PSV led 2-0 going into added time, Ji-Sung Park and Philip Cocu’s strikes meaning the tie was set for extra time.
In the first minute added on to the 90, however, Massimo Ambrosini struck to break Dutch hearts and send Milan through to contest for their seventh European crown.
Cocu scored just a minute later to put the pressure back on Milan, but they saw through the remainder of the allotted time to scrape through on away goals.
THE PRE MATCH
It was the first time Rafael Benitez’s Liverpool side had reached the Champions League final since 1985 when they lost 1-0 to Juventus.
Milan hadn’t been away from Europe’s biggest stage for long, having beaten Juventus at Old Trafford just two years earlier in 2003 to record their sixth title.

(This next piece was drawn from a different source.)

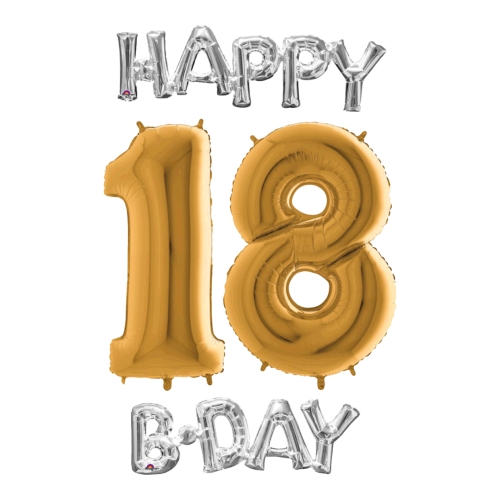 Narodeninový set balónov 18 zlatá / strieborná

There was controversy before the game, with Liverpool not guaranteed to be allowed to defend their title if they had won.
Of course, the usual UEFA protocol, and one that has been maintained ever since is that the winner of the Champions League is granted automatic qualification to the tournament for the next season, regardless of league position.
Liverpool wrote a written request to UEFA and were backed by both the FA and Milan manager Carlo Ancelotti.
Ancelotti had little to worry about on that front, Milan having finished second in Serie A that season meaning they were assured of a 2005/06 Champions League place.
As far as team news went, the main surprise from Liverpool’s perspective was the inclusion of Harry Kewell over French forward Djibril Cisse.
THE FIRST HALF
Cisse found himself on the bench, but Kewell only lasted 23 minutes of the tie before injury struck, Vladimir Smicer entering the field for what turned out to be his final Liverpool appearance.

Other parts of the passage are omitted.